Published Wednesday, 09 October 2013
The report called for improvements to be made. (© Getty)
It was reported by the Regulation and Quality Improvement Authority (RQIA) that there has been a 28% increases in diagnoses in Northern Ireland since the turn of the century.
From 1991 to 2000 there was just one case a year - but in 2011 alone there were 7,661.
These included gonorrhoea and HIV, as well as 52 new episodes of infectious syphilis in the same year - 40 of them involving men having gay sex.

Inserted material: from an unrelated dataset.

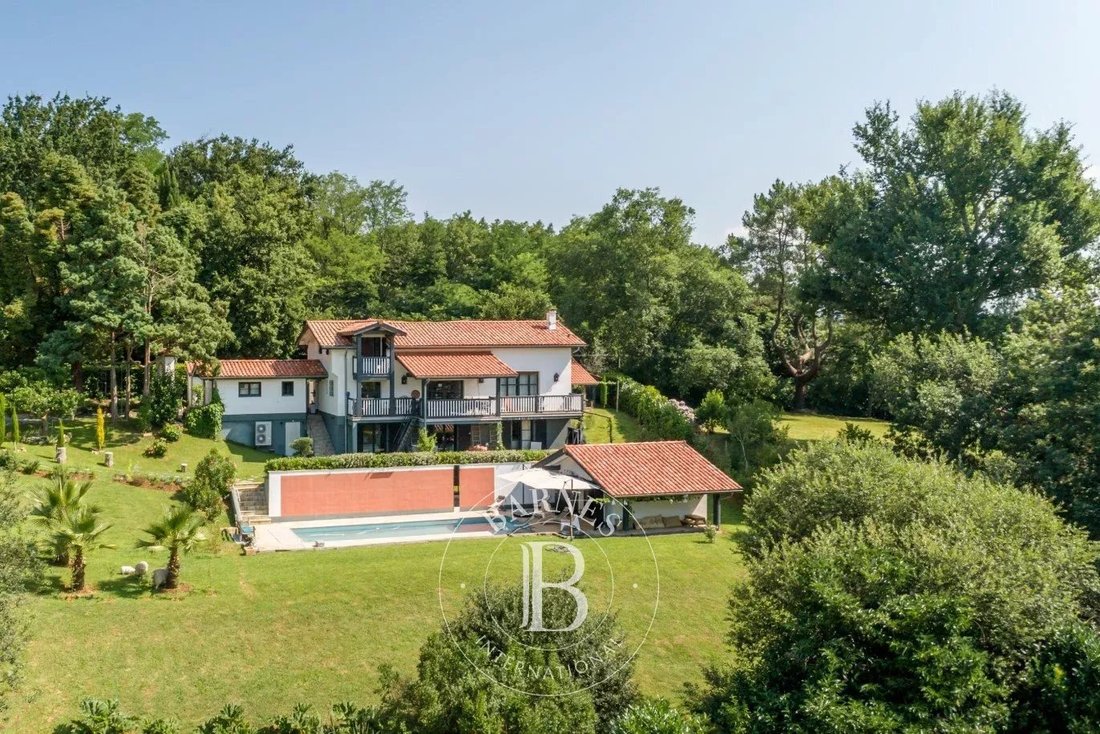 House in Arbonne, Nouvelle-Aquitaine, France 1 - 15013560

Meanwhile a further 82 cases of HIV came to light in 2011 - bringing the total individuals receiving care to 522 - which is the highest UK rate of increase, while prevalence is lower.

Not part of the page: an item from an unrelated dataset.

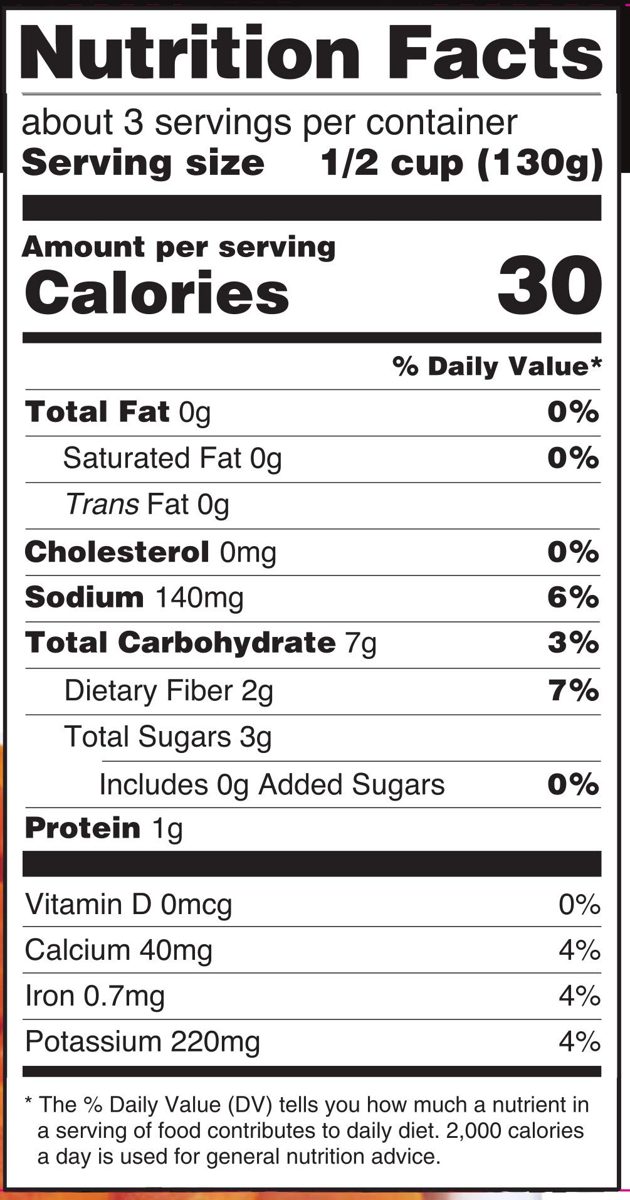Amazon Brand - Happy Belly Sliced Carrots, 15 oz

There were 336 new cases of gonorrhoea in 2011 and the number of diagnoses of uncomplicated chlamydia infection has almost doubled to 1,830.
The report said there are no specialist consultants in sexual and reproductive health in NI.
It called for a clear strategic vision for this area and outlined a need for better integration between specialists in sexual health and specialists in genitourinary medicine.
"There is a need for a clear strategic direction to be set for sexual health services and agreed standards for service delivery," explained RQIA chief executive Glen Houston.
"While RQIA recognises the contribution of the sexual health improvement network established by the Public Health Agency, we recommend the development of a regional clinic network to drive improvements in outcomes for patients and service users."